The SSRF guard resolves DNS off the event loop and fails closed. block_private_networks() returns an async predicate applied to every HTTP(S) URL the browser requests (navigation and all sub-resources) and to the policy's own robots.txt GET (including each redirect hop); the paths route interception cannot see are closed outright — WebSocket connections are refused whenever a filter is configured, and service workers are always blocked at context creation. On a cache miss, the blocking getaddrinfo runs on a small thread pool the predicate itself owns — never the loop's shared default to_thread executor, so guard lookups cannot starve the pipeline's CPU phase or an embedding application's own thread-pool work — capped by a fail-closed per-lookup timeout; verdicts land in a per-hostname TTL+LRU cache (negative verdicts too — re-resolving a hostile hostname on every request would hand the page an amplifier), concurrent misses for one host coalesce into a single lookup, and fan-out to distinct slow hostnames beyond the pool size queues inside the guard's own pool rather than pinning a thread per host. Every failure mode — malformed URL, resolution failure, resolution timeout, empty resolution, a raising predicate — fails closed: the request is aborted, never waved through. A hostname passes only if all of its resolved addresses are public (one public plus one internal A record is exactly the split-horizon shape an attacker would use). The predicate's single-flight futures are loop-bound, so each guard instance serves one event loop at a time: sequential reuse across loops re-binds when idle and keeps the verdict cache, while concurrent cross-loop use raises (which the filter seam turns into fail-closed aborts). One limitation of this is that a URL-string predicate cannot fully defeat DNS rebinding — network isolation of the browser environment remains the primary control, per SECURITY.md.

Performance

What dominates the cost of an analyze() call, and the knobs that exist:

  • Rendering dominates; a second theme roughly doubles it. Each requested theme is a whole extra headless render — which is why the default is light-only and dark is opt-in. Themes render concurrently, and near-identical renders collapse to one reported theme (the render cost is still paid; the collapse saves only the duplicate CPU analysis and result noise).
  • One browser launch per call. All themes of a call share one lazily launched Chromium (SharedBrowser), each render in its own browser context — a multi-theme analysis pays a single launch, and a run whose fetches are all cache hits pays none. The browser is closed as soon as the renders finish, before the CPU phase.
  • The render cache. PolitenessPolicy caches full Harvest objects keyed by URL + theme + viewport geometry (width, height, device scale).

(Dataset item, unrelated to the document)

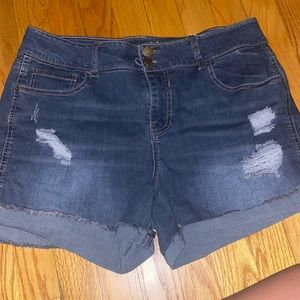 high waisted rue 21 blue jeans size 16 68% cotton,23% polyester,7%rayon2%spandex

Cache hits return immediately — no robots check, no throttle, no render. The cache is LRU-bounded (default 256 entries; these are the largest objects the policy retains). Reusing one policy across calls is how you benefit from it.
  • max_concurrent_renders caps simultaneous renders through a policy (unbounded by default). Cache hits and single-flight followers never take a slot, and the slot wraps only the actual render, so the cap bounds Chromium load without serializing the politeness waits.
  • CPU work stays off the event loop. The per-theme classification and clustering runs in worker threads (asyncio.to_thread), so an analyze awaited inside a server endpoint doesn't stall the loop while it crunches.
  • Small render-path savings, measured against real sites (from the code's own calibration notes): capturing the screenshot as quality-92 JPEG instead of PNG saves ~0.3–0.65 s/render with bin shifts ≤ 0.012 ΔE (below cross-platform rendering drift), and capping the post-load network-idle wait at 1 s saves ~1.5 s/render with unchanged output — the step-scroll still triggers genuinely lazy content.